Write out the data word for word, taking care that no picture is carried over.

> _GIVEN MATERIAL_
====

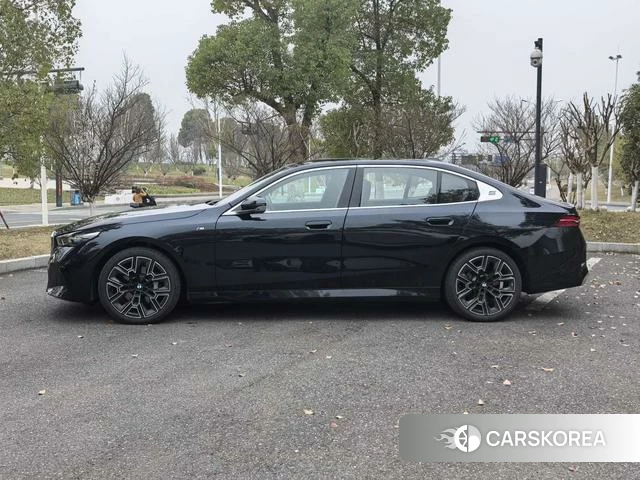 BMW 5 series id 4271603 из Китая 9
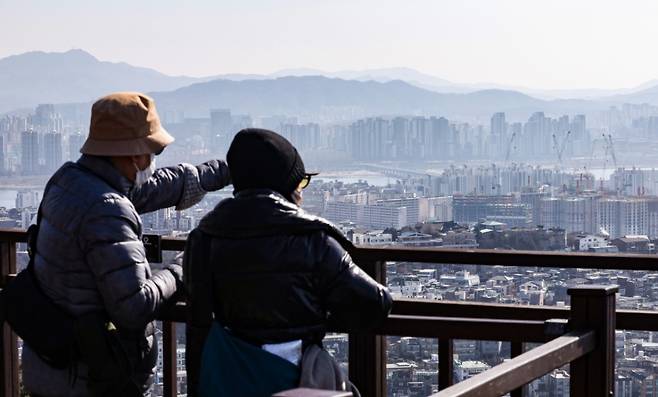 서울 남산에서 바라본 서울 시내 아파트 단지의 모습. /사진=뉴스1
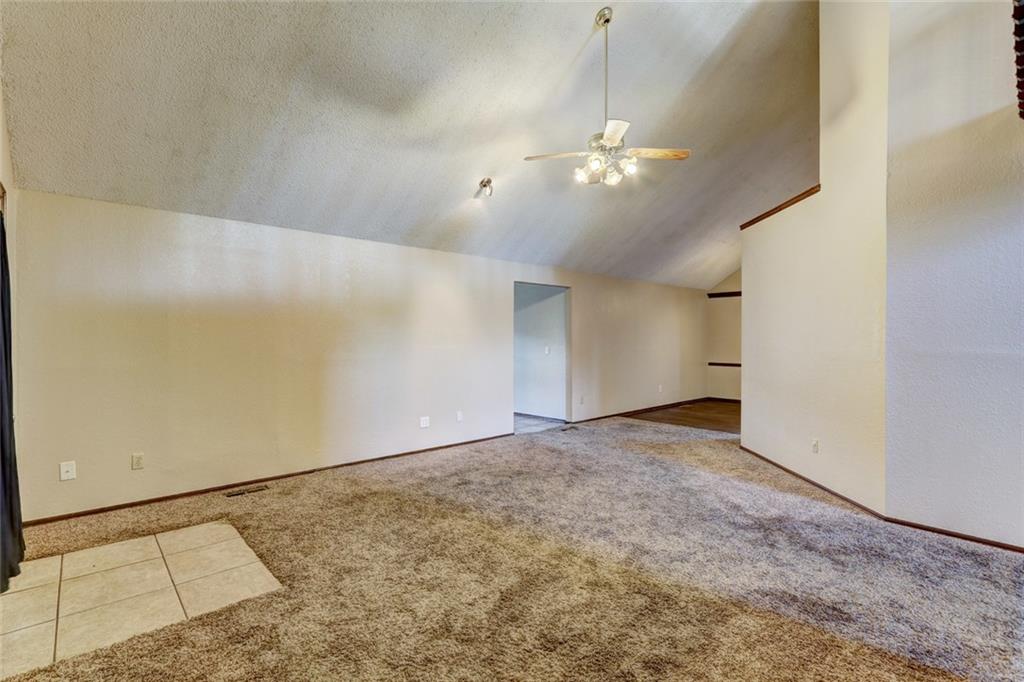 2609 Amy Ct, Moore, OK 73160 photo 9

====

> _EXERCISE SOLUTION_
 BMW 5 series id 4271603 из Китая 9
 서울 남산에서 바라본 서울 시내 아파트 단지의 모습. /사진=뉴스1
 2609 Amy Ct, Moore, OK 73160 photo 9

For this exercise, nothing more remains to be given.